Autoregressive Large Language Models are Computationally Universal

Dale Schuurmans,Hanjun Dai,Francesco Zanini
2024-10-04
Abstract:We show that autoregressive decoding of a transformer-based language model can realize universal computation, without external intervention or modification of the model's weights. Establishing this result requires understanding how a language model can process arbitrarily long inputs using a bounded context. For this purpose, we consider a generalization of autoregressive decoding where, given a long input, emitted tokens are appended to the end of the sequence as the context window advances. We first show that the resulting system corresponds to a classical model of computation, a Lag system, that has long been known to be computationally universal.

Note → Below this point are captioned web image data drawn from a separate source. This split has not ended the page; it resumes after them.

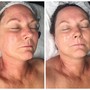 Facial Cupping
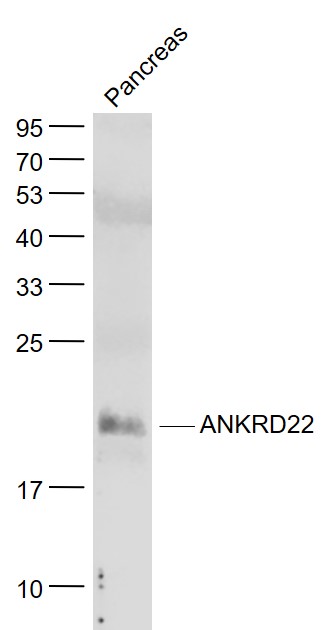Lane 1: Pancreas lysates probed with ANKRD22 Polyclonal Antibody, Unconjugated (bs-9748R) at 1:1000 dilution and 4˚C overnight incubation. Followed by conjugated secondary antibody incubation at 1:20000 for 60 min at 37˚C.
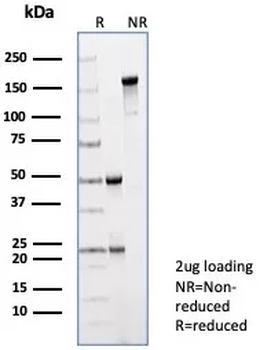 PRAME nuclear receptor transcriptional regulator Antibody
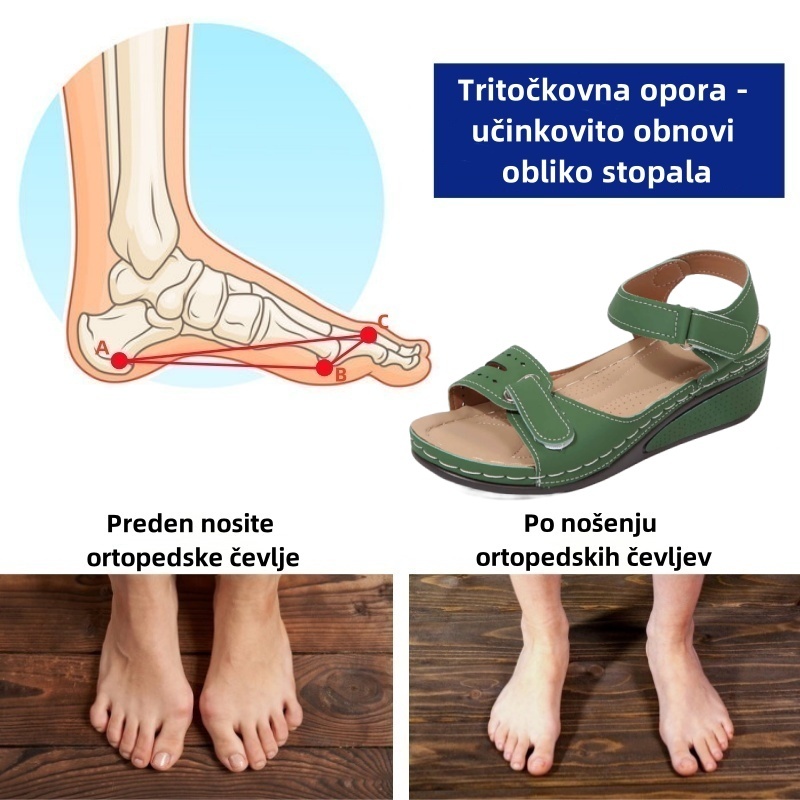 🔥Časno omejen 50 % popust! Poletni ortopedski sandali, ergonomsko oblikovani za udobje in lajšanje bolečin✅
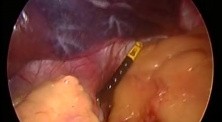 Laparoscopic gastric banding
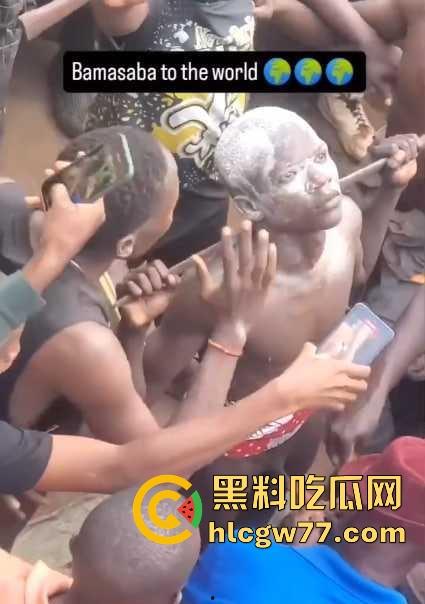 非洲部落割包皮 这也太生猛了吧 包皮一拉一刀下去直接割掉 这老哥全程面无表情！-4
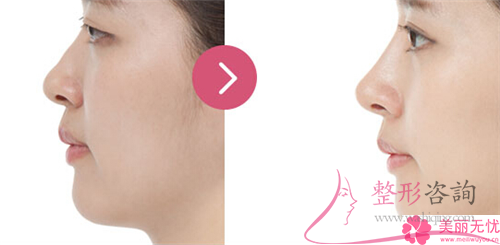 鼻中隔軟骨<a href=http://m.f3bb6.cn/listinfo-737-0.html target=_blank class=infotextkey>隆鼻</a>的費用大概得花多少錢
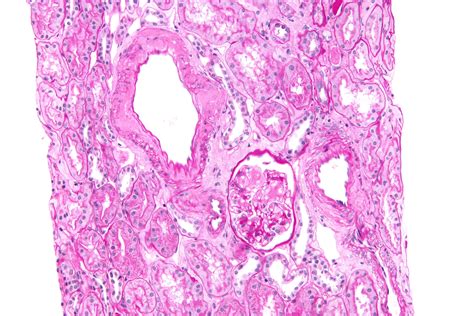 File:Renal amyloidosis - 2 - high mag.jpg - Libre Pathology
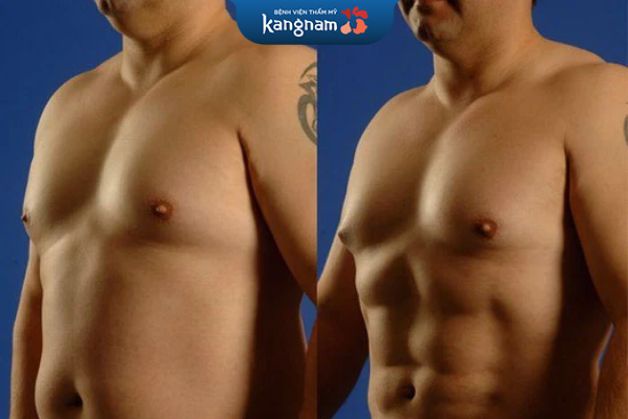Khách hàng nam tính sau tạo hình body 6 múi tại Bệnh Viện Kangnam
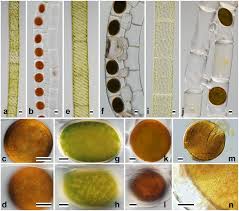 Et al., 2007) menyatakan kadar klorofil alfa dalam spirogyra adalah 2,1 mg/g. Nomarski Interference Micrographs Of Three Species Of Spirogyra Download Scientific Diagram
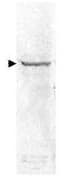 RELA / NFKB p65 Antibody (C-Terminus)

By leveraging a new proof, we show that a universal Turing machine can be simulated by a Lag system with 2027 production rules. We then investigate whether an existing large language model can simulate the behaviour of such a universal Lag system. We give an affirmative answer by showing that a single system-prompt can be developed for gemini-1.5-pro-001 that drives the model, under deterministic (greedy) decoding, to correctly apply each of the 2027 production rules. We conclude that, by the Church-Turing thesis, prompted gemini-1.5-pro-001 with extended autoregressive (greedy) decoding is a general purpose computer.
Computation and Language
What problem does this paper attempt to address?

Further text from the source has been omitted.